◆ **Your goal**: The lines in the listing below are to be given again exactly, starting at the line holding "Matamoros, Tamaulipas, Mexico" and ending at the line holding "A pebble beach". Do not include pictures.

◆ **Data**:
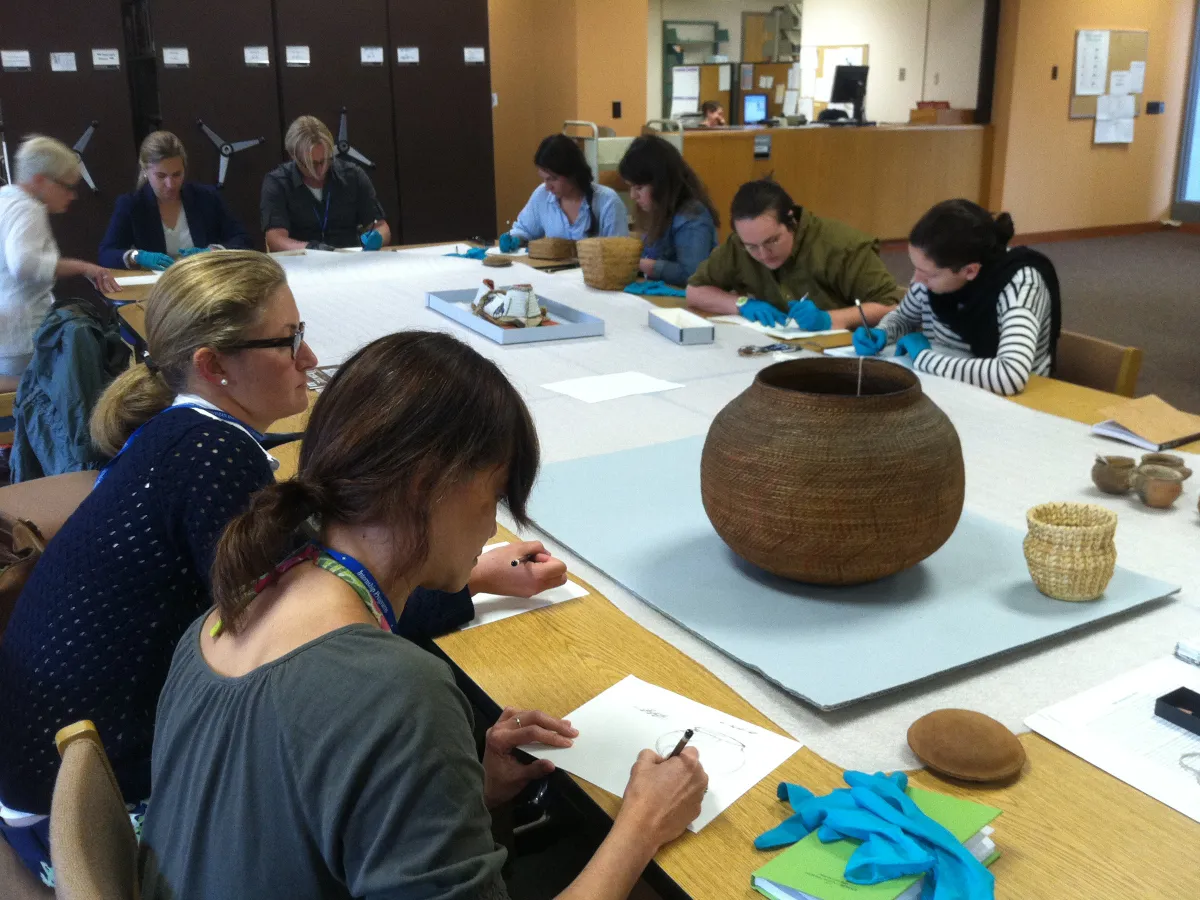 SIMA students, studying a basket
---
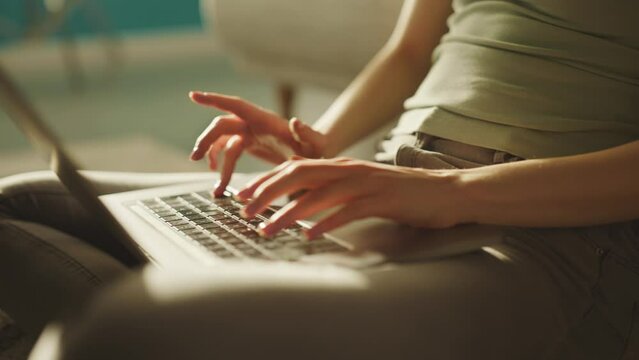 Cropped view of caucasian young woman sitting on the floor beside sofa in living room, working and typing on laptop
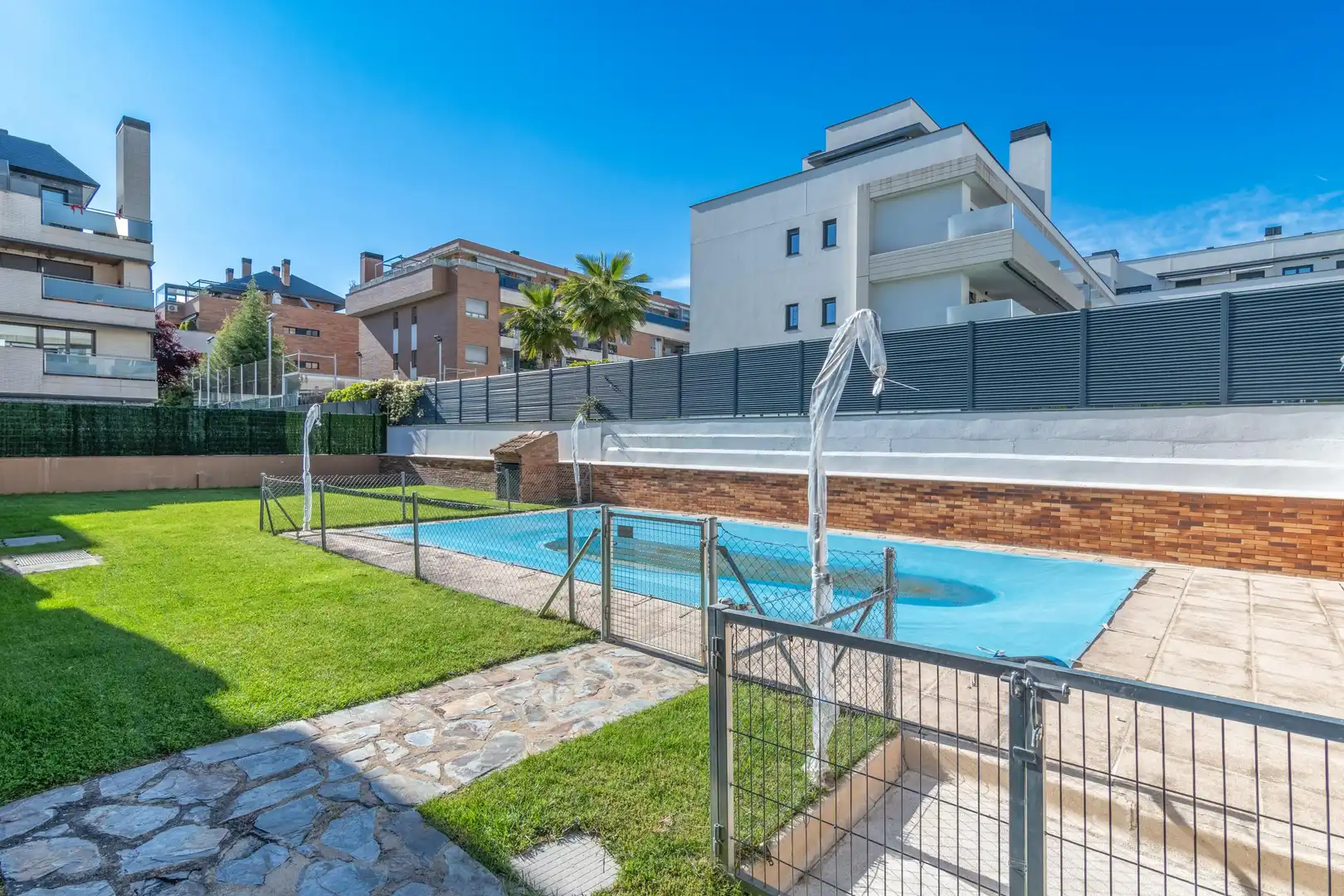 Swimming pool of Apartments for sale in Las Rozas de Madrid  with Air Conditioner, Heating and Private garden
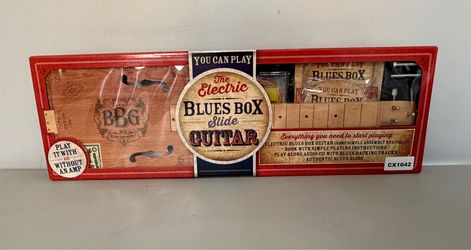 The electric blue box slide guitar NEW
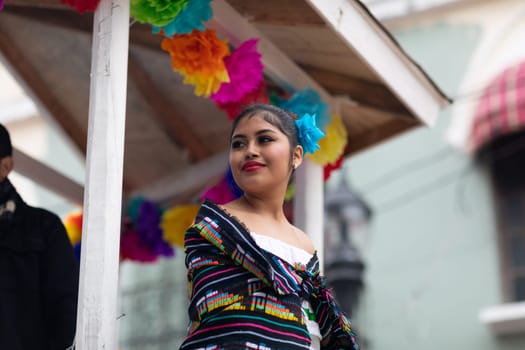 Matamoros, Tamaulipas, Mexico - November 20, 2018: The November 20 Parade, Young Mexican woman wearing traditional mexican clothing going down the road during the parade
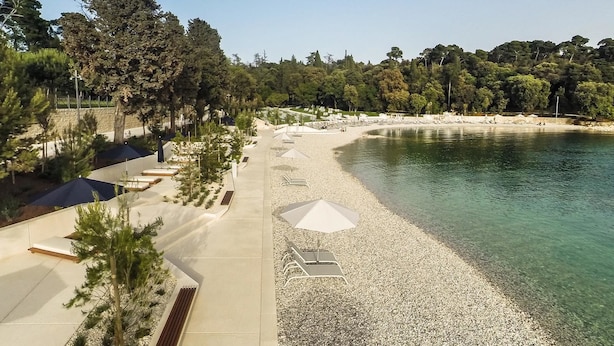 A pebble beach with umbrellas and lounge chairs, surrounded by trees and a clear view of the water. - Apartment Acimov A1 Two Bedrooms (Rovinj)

◆ **Solved exercise**:
 Matamoros, Tamaulipas, Mexico - November 20, 2018: The November 20 Parade, Young Mexican woman wearing traditional mexican clothing going down the road during the parade
 A pebble beach with umbrellas and lounge chairs, surrounded by trees and a clear view of the water. - Apartment Acimov A1 Two Bedrooms (Rovinj)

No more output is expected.